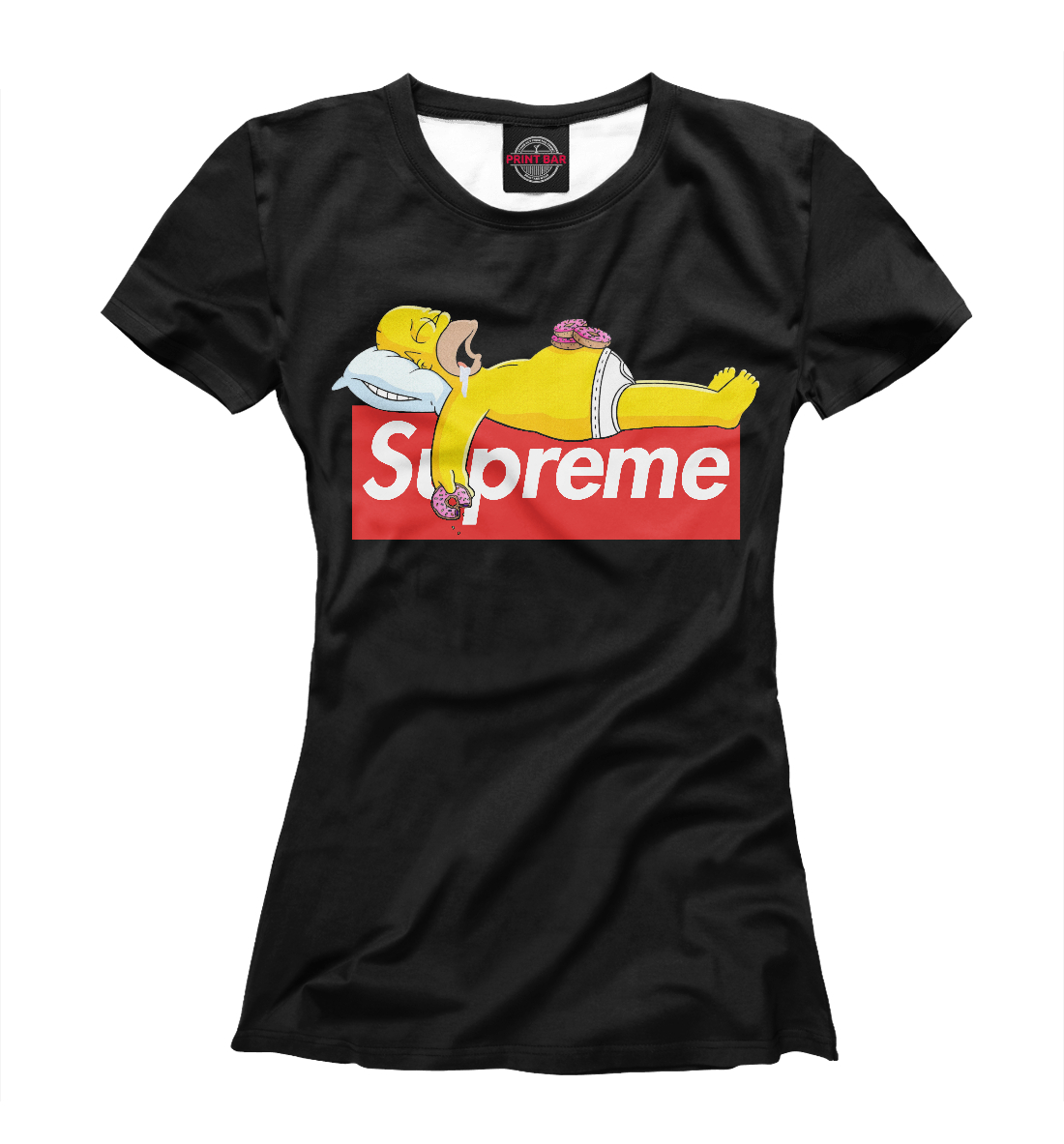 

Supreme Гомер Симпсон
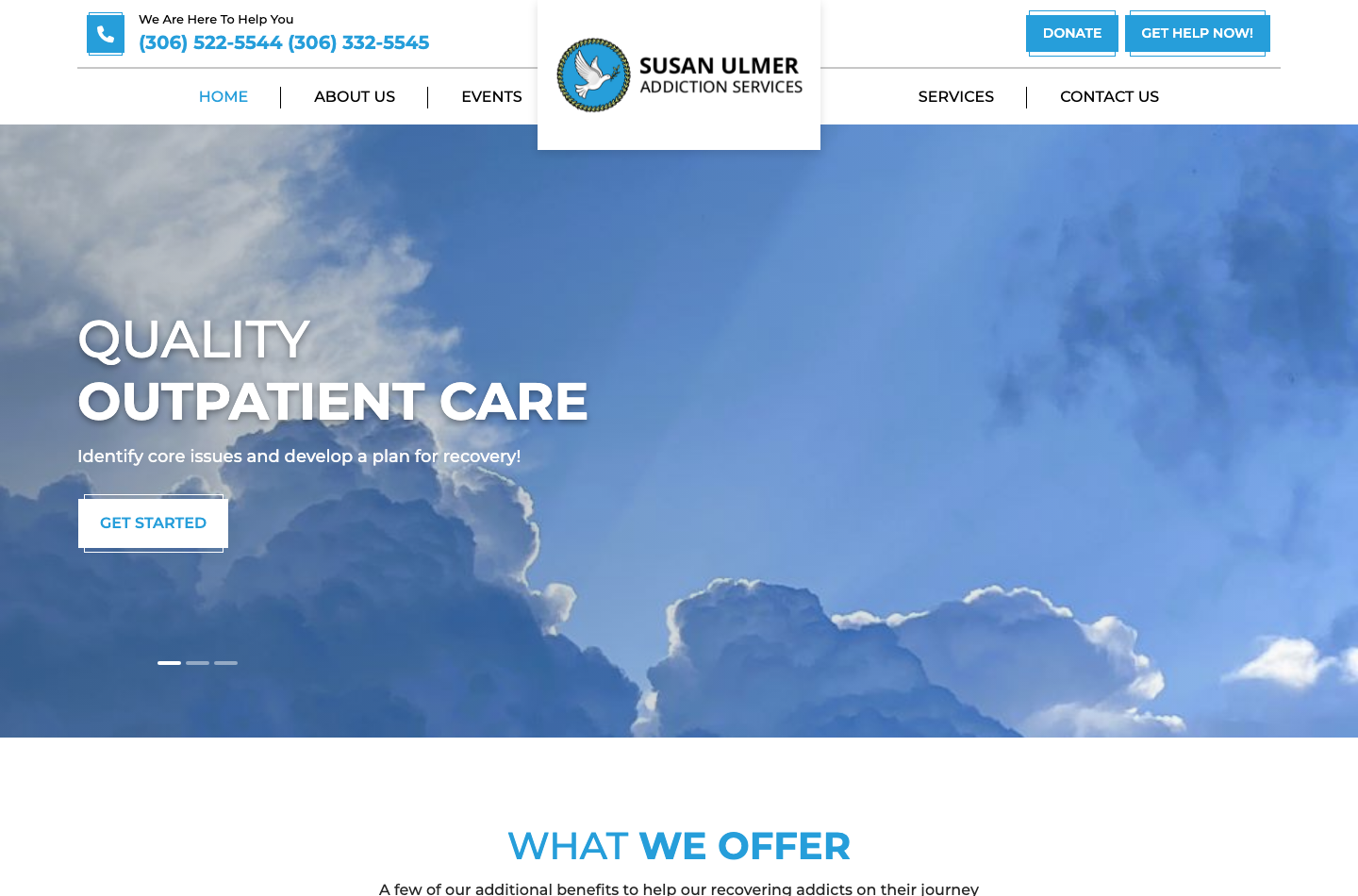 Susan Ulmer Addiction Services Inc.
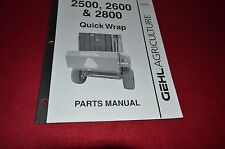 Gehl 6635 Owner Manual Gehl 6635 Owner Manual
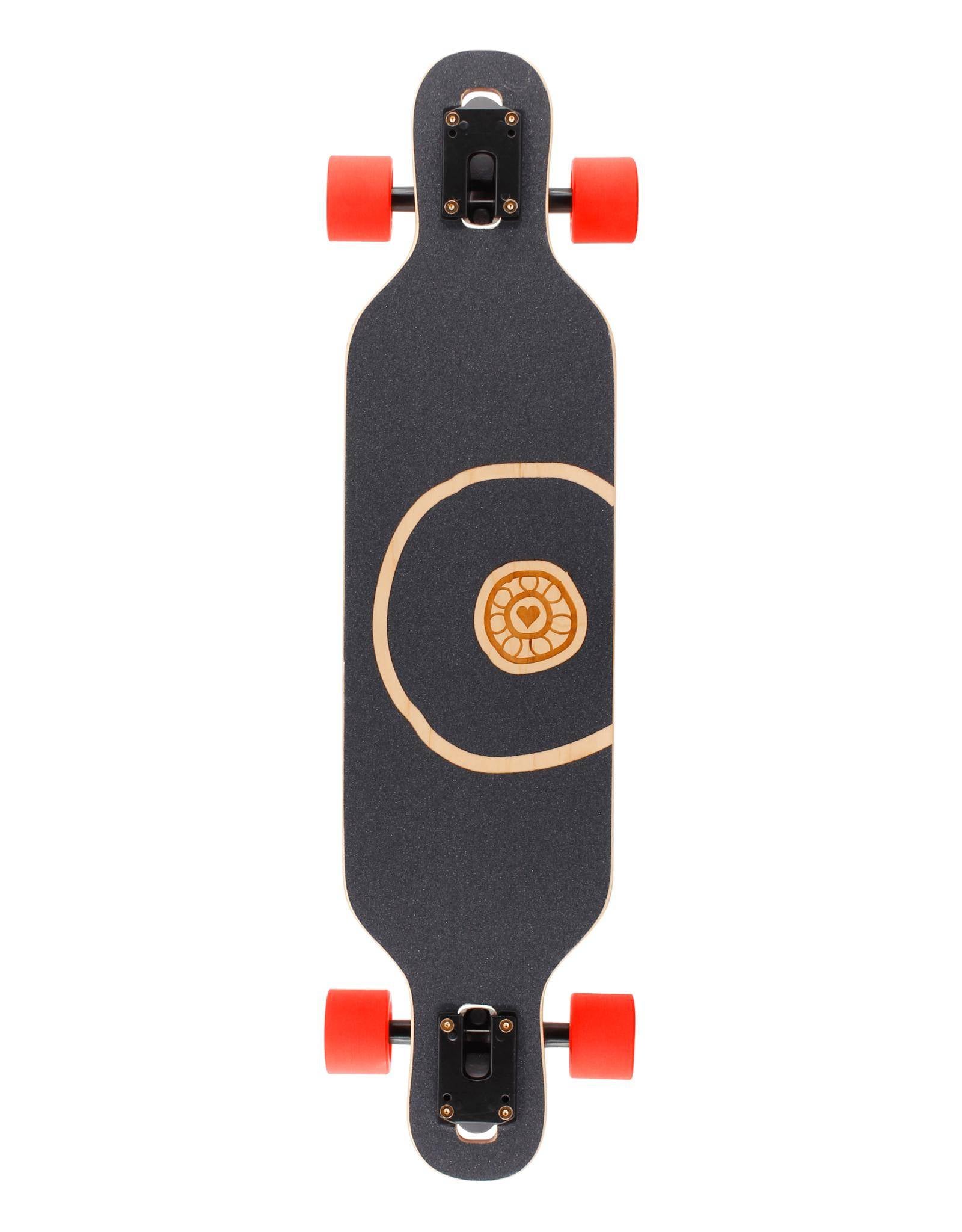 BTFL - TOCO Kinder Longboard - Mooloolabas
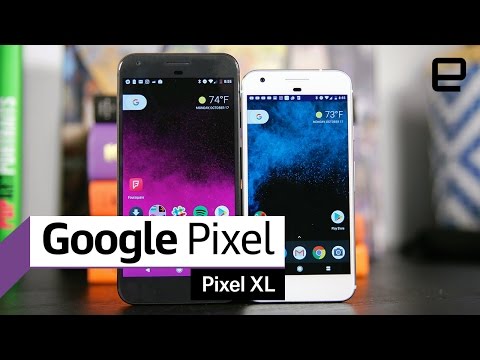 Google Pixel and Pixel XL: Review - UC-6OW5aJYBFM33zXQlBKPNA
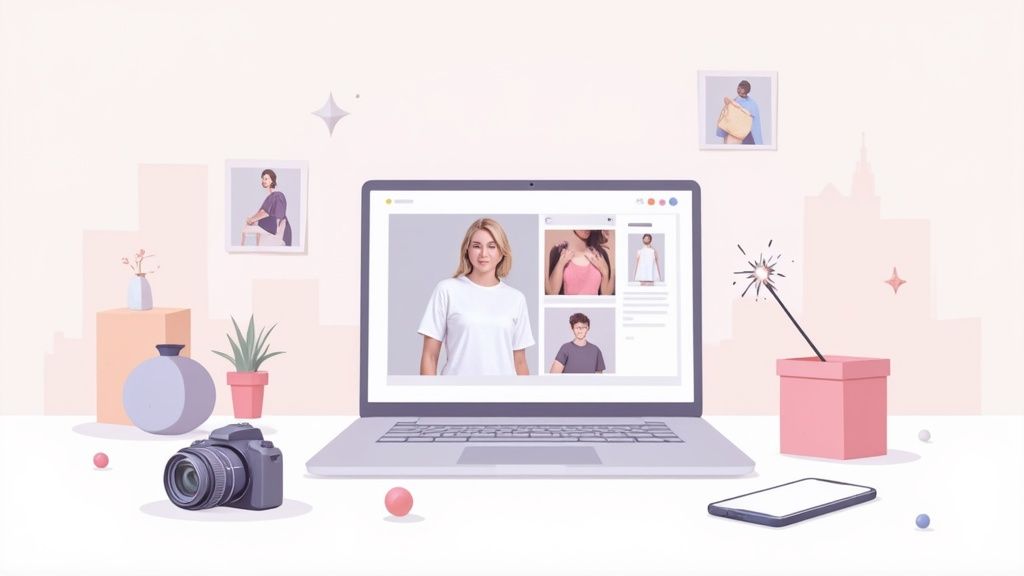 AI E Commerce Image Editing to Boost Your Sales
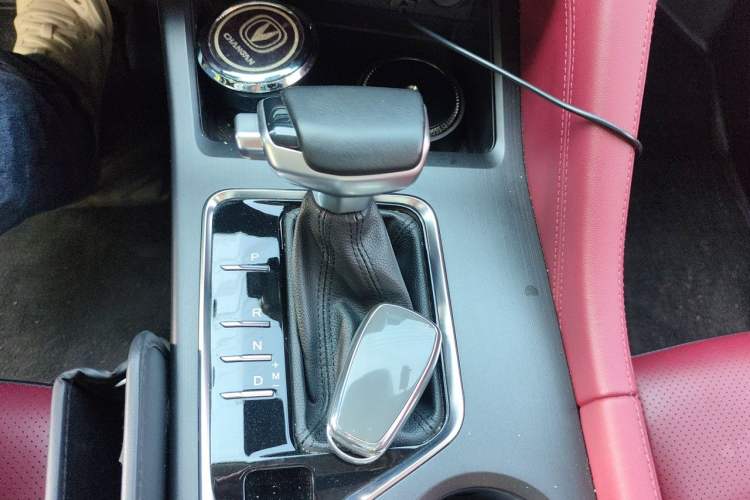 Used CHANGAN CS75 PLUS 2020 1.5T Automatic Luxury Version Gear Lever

· · · · · · ·

_Task directions_. Reproduce the data verbatim and omit each image.

_Task answer_.
Supreme Гомер Симпсон
 Susan Ulmer Addiction Services Inc.
 Gehl 6635 Owner Manual Gehl 6635 Owner Manual
 BTFL - TOCO Kinder Longboard - Mooloolabas
 Google Pixel and Pixel XL: Review - UC-6OW5aJYBFM33zXQlBKPNA
 AI E Commerce Image Editing to Boost Your Sales
 Used CHANGAN CS75 PLUS 2020 1.5T Automatic Luxury Version Gear Lever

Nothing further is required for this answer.